The site is a bit challenging to reach, being located in the Calakmul Biosphere Reserve, which is known as one of the last remaining rainforests in the Yucatan area. It is distinguished from its neighboring Mayan sites by the great number of stelae or Mayan monuments found in the site—approximately 100 stelae that depict different images.
Most of them show what look like local rulers in rich garb, standing on top of their prisoners. Among the other features found in the sites are a tomb filled with rich offerings, remains of what look like high-ranking captives, as well as a calendar glyph that show dates between 500 and 850 A.D., evidences showing the power of Calakmul during its time.
Called the road of the serpent, the city is considered the capital of the Rio Bec region during its time.
It was a military and political control place, a powerful city that existed for a long period of time.
So far, the known area of Becan covers more than 60 acres, but it might be even bigger because its boundaries have not yet been established. What is known based on what has been excavated so far is that it is built from limestone.
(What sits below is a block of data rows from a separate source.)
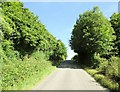 Road  north  from  Wye  past  Olantigh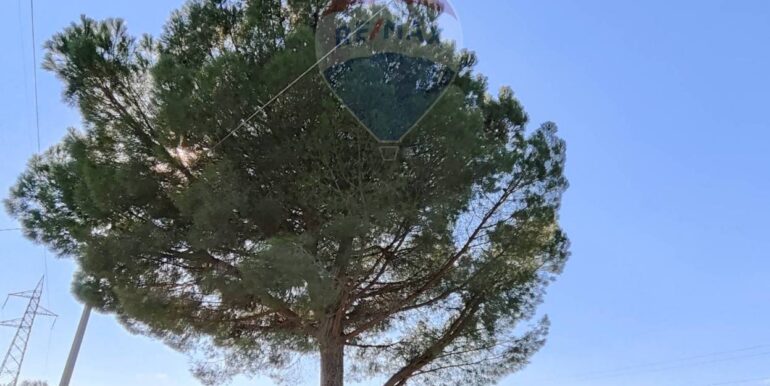 20250926111702-987853-24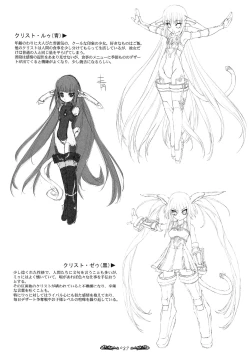 Page 38 of Seinarukana - offical ArtBook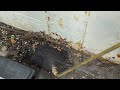Trails of Ants Found on the Side of Home in Belmar, NJ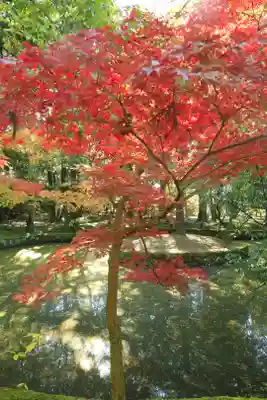 唐招提寺(奈良県)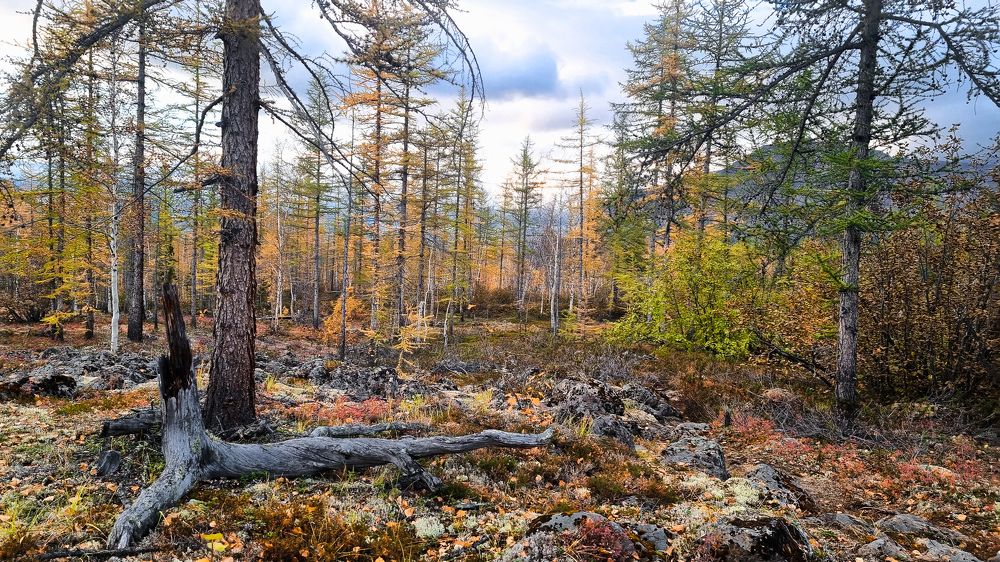 Photograph by Анна Васильева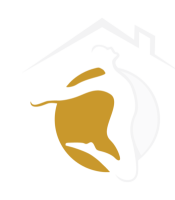 Elite Body Home Aesthetic Clinic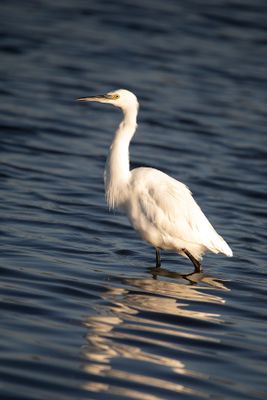 788A2809 Kleine zilverreiger 03-11-24 Nieuwe driemanspolder.jpg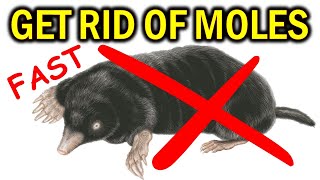 How to Get Rid of MOLES in Your Yard, Garden & House -  NATURALLY & FAST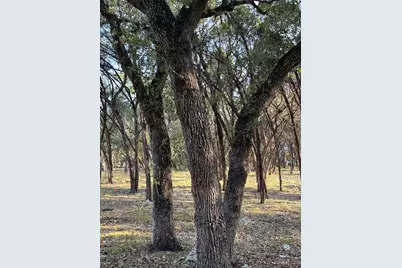 12333A Ranch Rd 12 #1, Wimberley, TX 78676 - Photo 7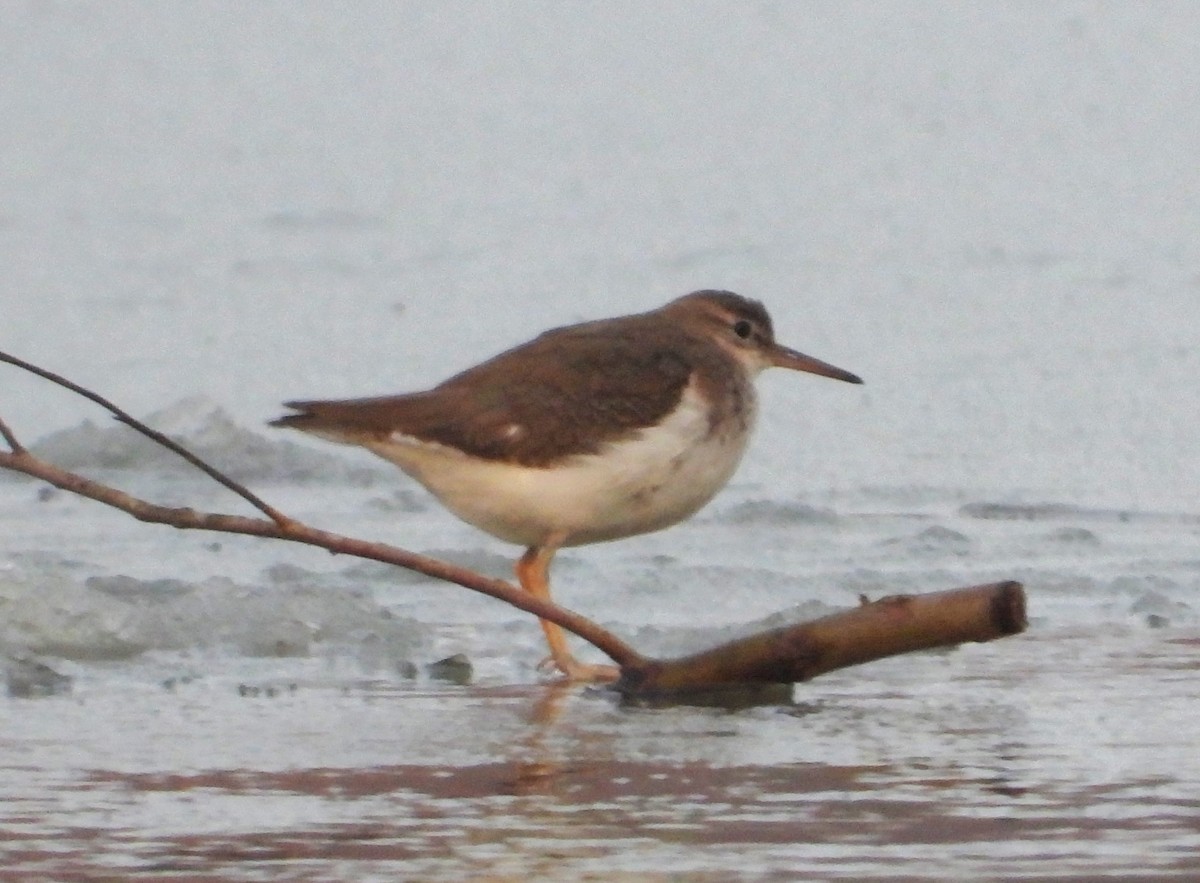 Spotted Sandpiper - ML645954578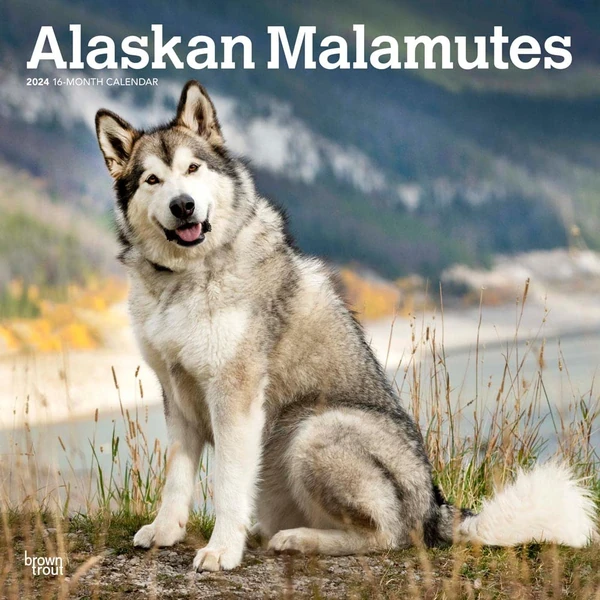 Alaskan Malamutes   2024 12 x 24 Inch Monthly Squa awhd ca 1975457560 1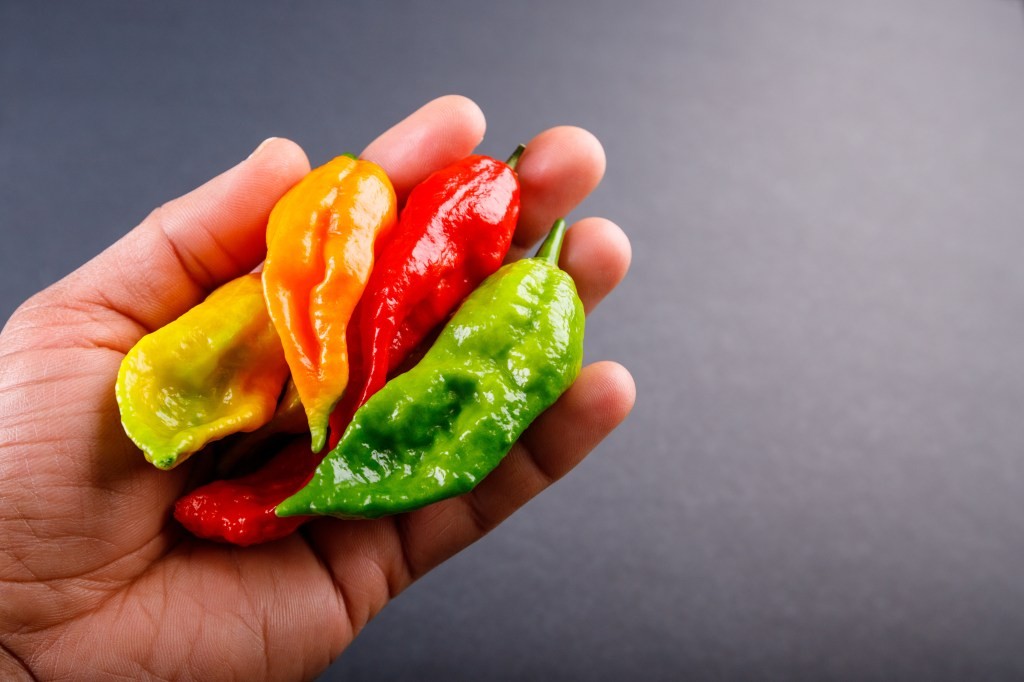 Колку и да сака луто, Фијери одбива да јаде ghost pepper — „ќе ми ја изедат душата“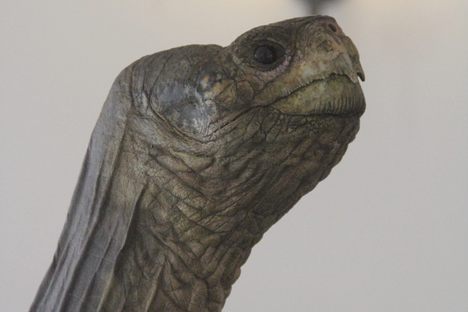 An Emblem of Extinction, Lonesome George Goes on Posthumous Display in NYC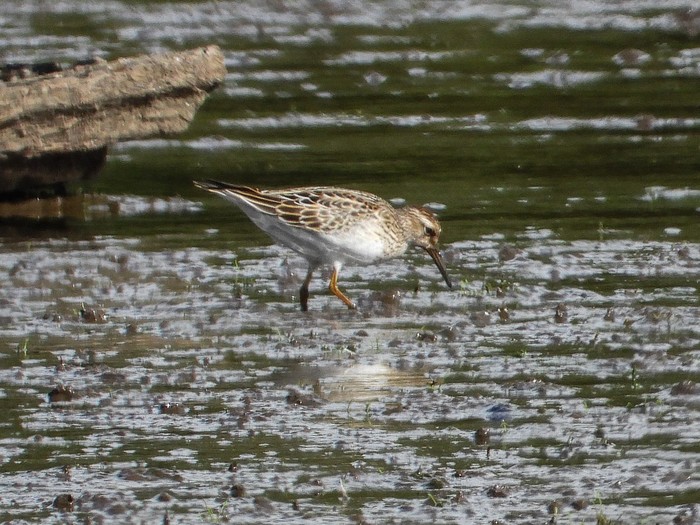 Pectoral Sandpiper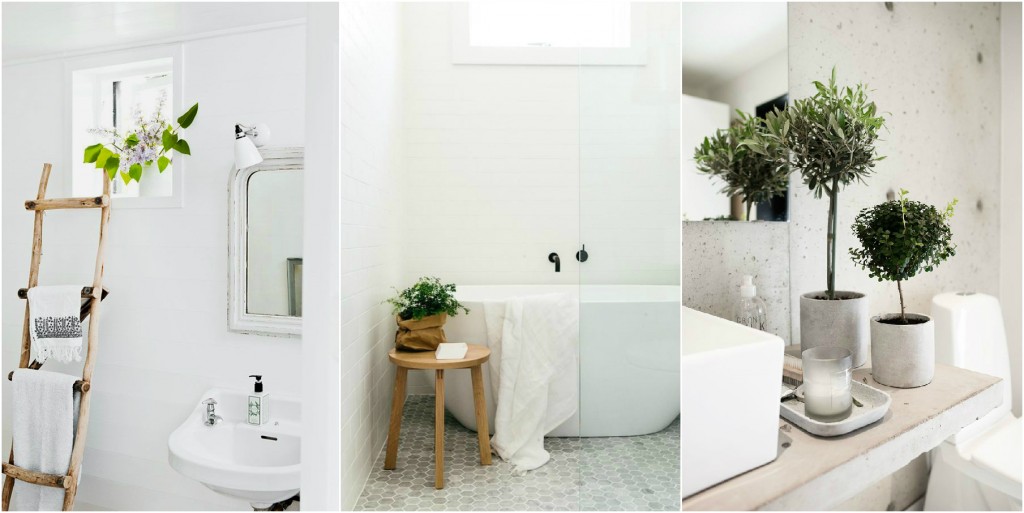 ¿Cómo construir un pequeño jardín interior en tu departamento?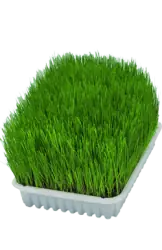 Trixie Kedi Çimi 100 GR - 2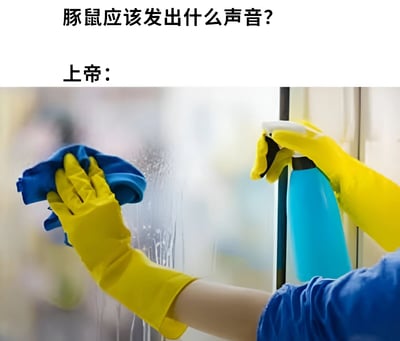 图片上方以黑色文字提问“豚鼠应该发出什么声音?”，下方紧接着以“上帝：”引出一张清洁场景实拍图。图中可见戴着黄色橡胶手套的双手正在清洁玻璃，左手持蓝色抹布擦拭玻璃表面（玻璃上有水渍痕迹），右手握着蓝色喷雾瓶准备喷洒清洁剂。通过“擦玻璃”动作产生的“唰唰”声与豚鼠实际叫声（通常为类似“吱吱”或“啾啾”的声音）进行谐音联想，以幽默方式回答提问，形成趣味梗图。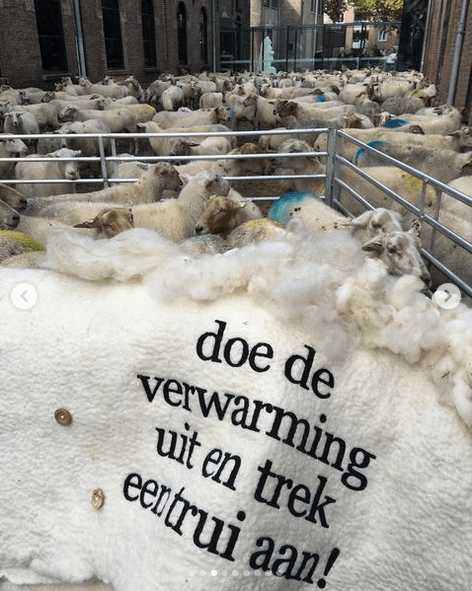 textielplatform's tweet photo. Nieuwsbrief Textielplatform | december 2025 - https://t.co/kt9VSUJH0F
Natuurlijk gaat het over kerst! Maar ook over digitale breimachines en andere bijzondere onderwerpen! https://t.co/WgsTrFAomJ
A moat circles the center of the city, and it might have been protected by a wall once—with remains of a wall still standing today, some parts as high as 11 feet. The moat is especially distinguished because it is not a common feature in neighboring Mayan cities.
Covering around 21 acres of land, this site is still largely unexcavated. It is still surrounded by rainforest, and its many mounds are yet to be explored.
However, based on what was already uncovered, it is evident that the site is elaborately built and designed.
All the pyramids, courtyards, and other structures were well engineered. There was even a drainage system that leads into a cistern for collecting rainwater.
Based on the excavations, it appears the city was once used as a stop of traders heading to neighboring areas. It flourished around 500 A. D., although it already appears inhabited as early as 200 A.D.
There is a central plaza surrounded by pyramids, as well as a pyramid built in honor of the gods—the Pyramid of the Masks. Much is yet to be uncovered in this site to truly see its past.